We are interested in mapping the CIS system for both long range forecasts of the season ahead as well as shorter duration forecast of the week or day ahead. These forecasts must consider and accurately reflect weather, climate variability and must also anticipate the uncertainty surrounding the consequences of climate change for the region.
Accurate seasonal forecasts can help farmers make the right crop choice for the subsequent growing season, for example if the predictions are for a wetter or dryer season then the farmer can adjust the seed they purchase to grow crops best suited to the expected conditions. By contrast accurate weekly and daily weather forecasts can enable farmers to choose the right husbandry activities for the crop at that particular moment in time. For example advance warning of heavy rain may prompt a farmer to speed up harvest to prevent storm damage to a standing crop or perhaps for a herder to find safe high ground prior to heavy rains leading to flash flooding.
However in both cases there are a number of issues that need to be considered to make the forecast practical. These include;
Believable, currently many farmers have zero or limited access to climate information services and have for generations relied on traditional knowledge systems. These include observational information on the behaviour of species, timing of events or observation of atmospheric conditions. It is vital that modern climate information services respect these indigenous approaches and compliment or reinforce these messages. Over time as reliability increases farmers can make a shift in trust and belief, but even in the developed world many farmers still look to local signs to interpret the outcome or as back up to the information provided by the climate information service for their locality.
Actionable, the farmer needs to be able to make a change based on the information they receive.

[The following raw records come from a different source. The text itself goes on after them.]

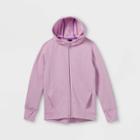 Girls' Fleece Full Zip Hoodie - All In Motion Violet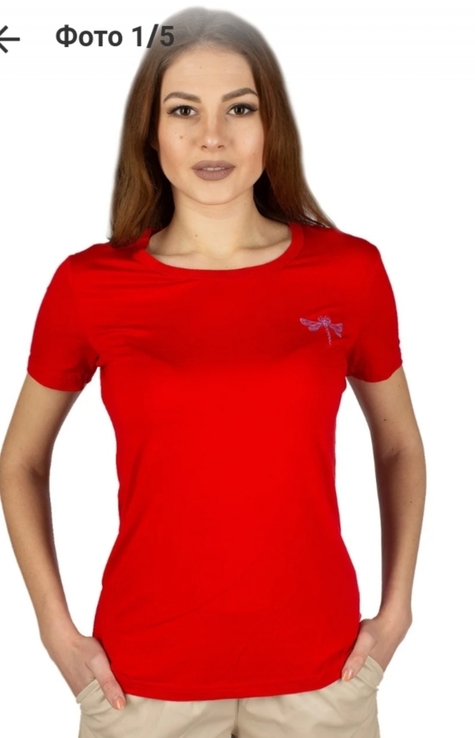 Базовая женская футболка YN. S бордо., фото №3
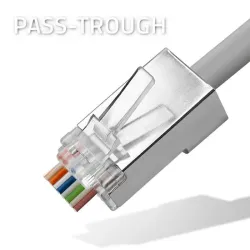 Wtyk QOLTEC przelotowy złącze RJ45 | CAT6 | FTP | Pass | PartsPC.pl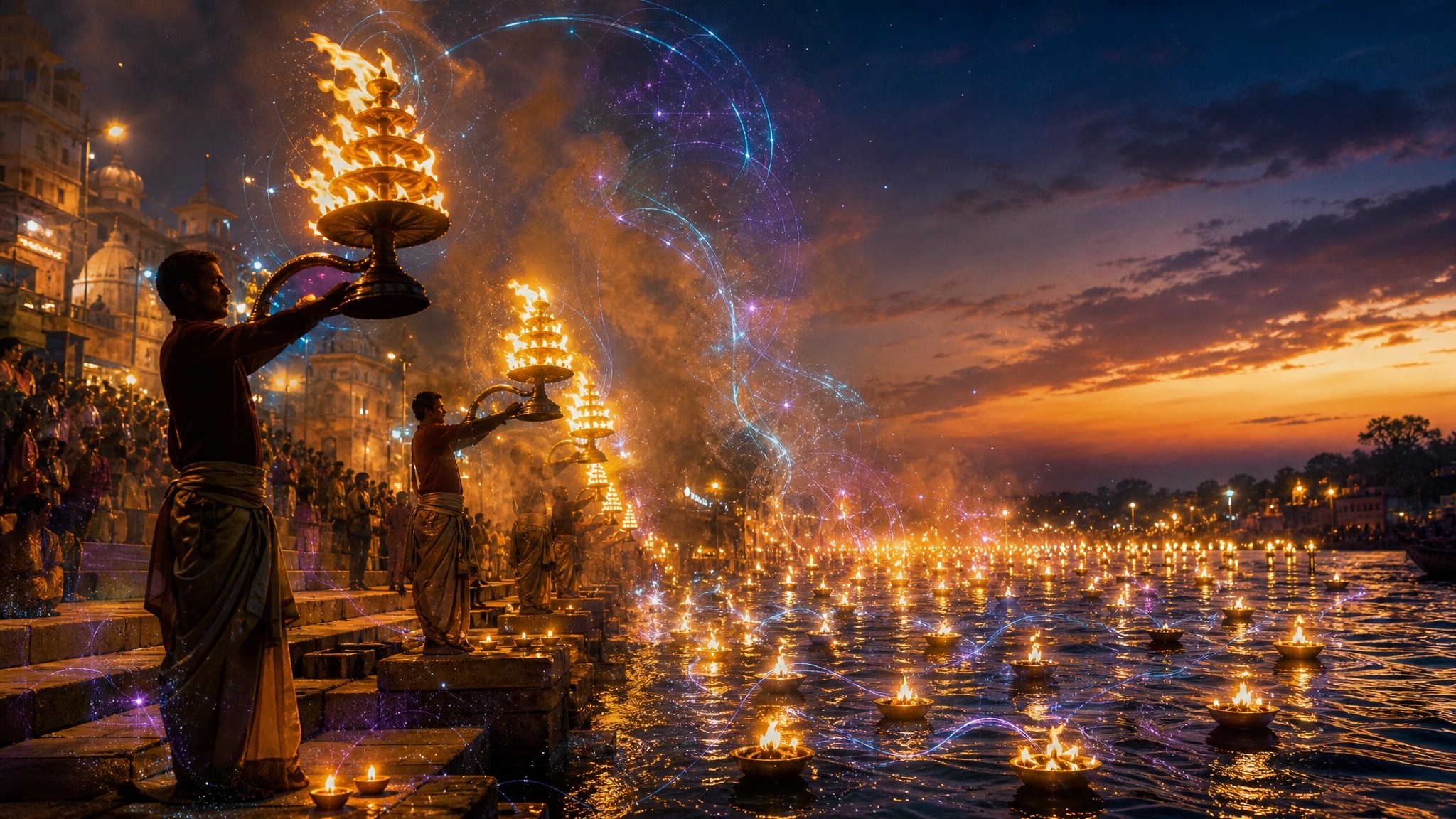 Generate riverbank aarti scenes with AI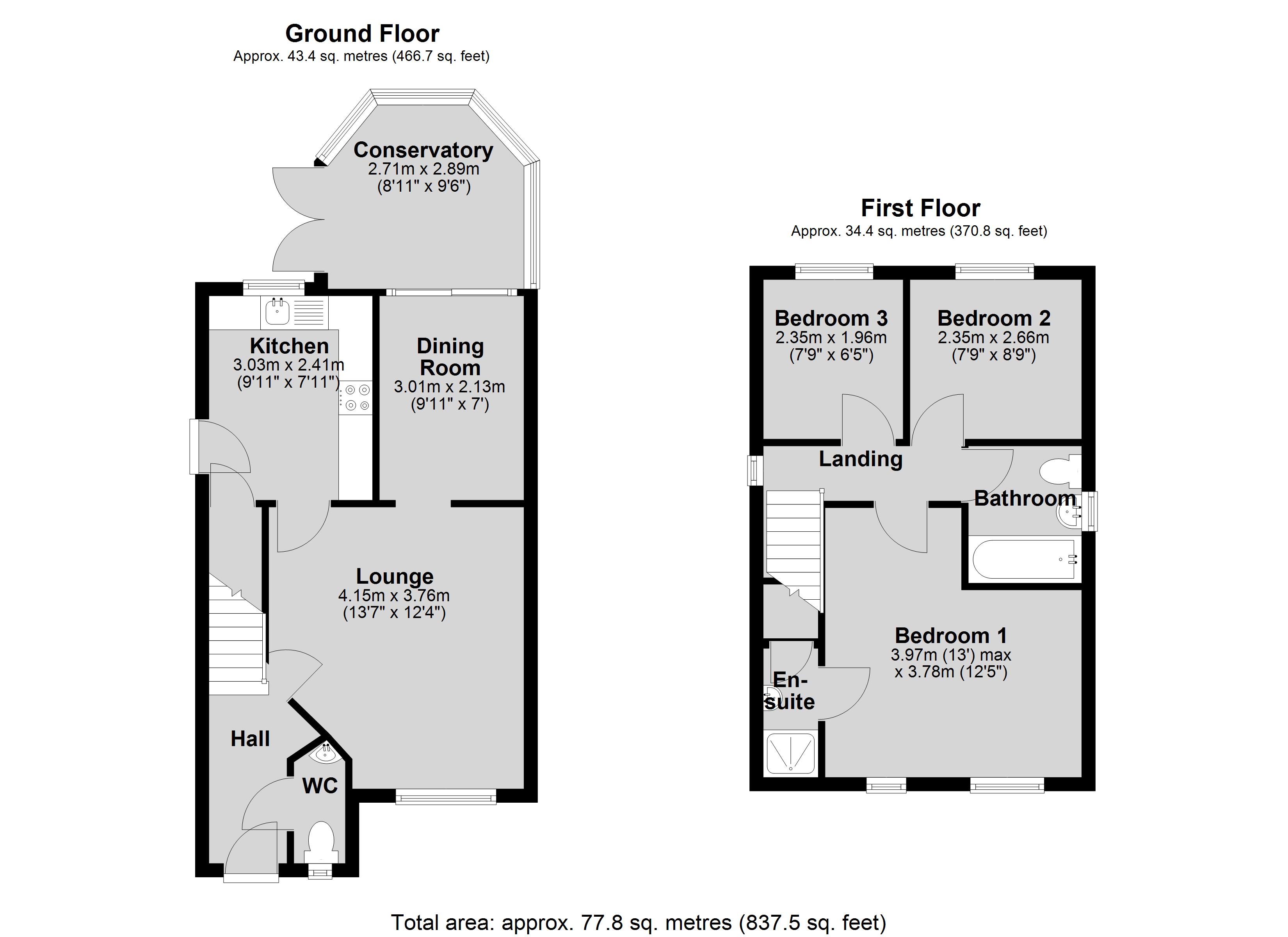 14, St. Albans Close, Lincoln floorplan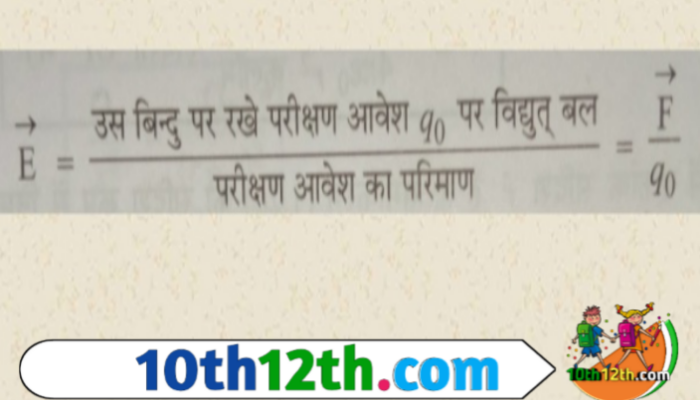 विद्युत क्षेत्र के किसी बिंदु पर विद्युत क्षेत्र तीव्रता (Electric field intensity) उस बिंदु पर रखे एकांक (unit) धनावेश पर लगने वाले बल के बराबर होती है।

For a farmer to switch crops based on a seasonal forecast they will need access to those alternative crops, not just access to seeds but also the activities that support these crops, such as technical knowledge, extension services and other supporting services. If the information cannot be acted upon by the farmer with the resources they have to hand it is next to useless.
Understandable, providing blanket forecasts will not be useful if they cannot relate the forecast information to their individual situation. As we move down to finer scales weather forecasts become less reliable and it is therefore vital that CIS delivery is tailored to what we know about local conditions. We are all aware of the anomalies in the landscape and these are usually best known by local people. So tailoring the forecast to the local conditions will be vital. Related to this is the need to make forecasts practicable to the diversity of users in the area. Forecasts need to explain the application of what the information means for different farming systems. The forecast may predict favourable condition for certain crops or livestock species but may herald warnings for others, so tailoring the advice to specific cropping recommendations will make the climate service more user friendly.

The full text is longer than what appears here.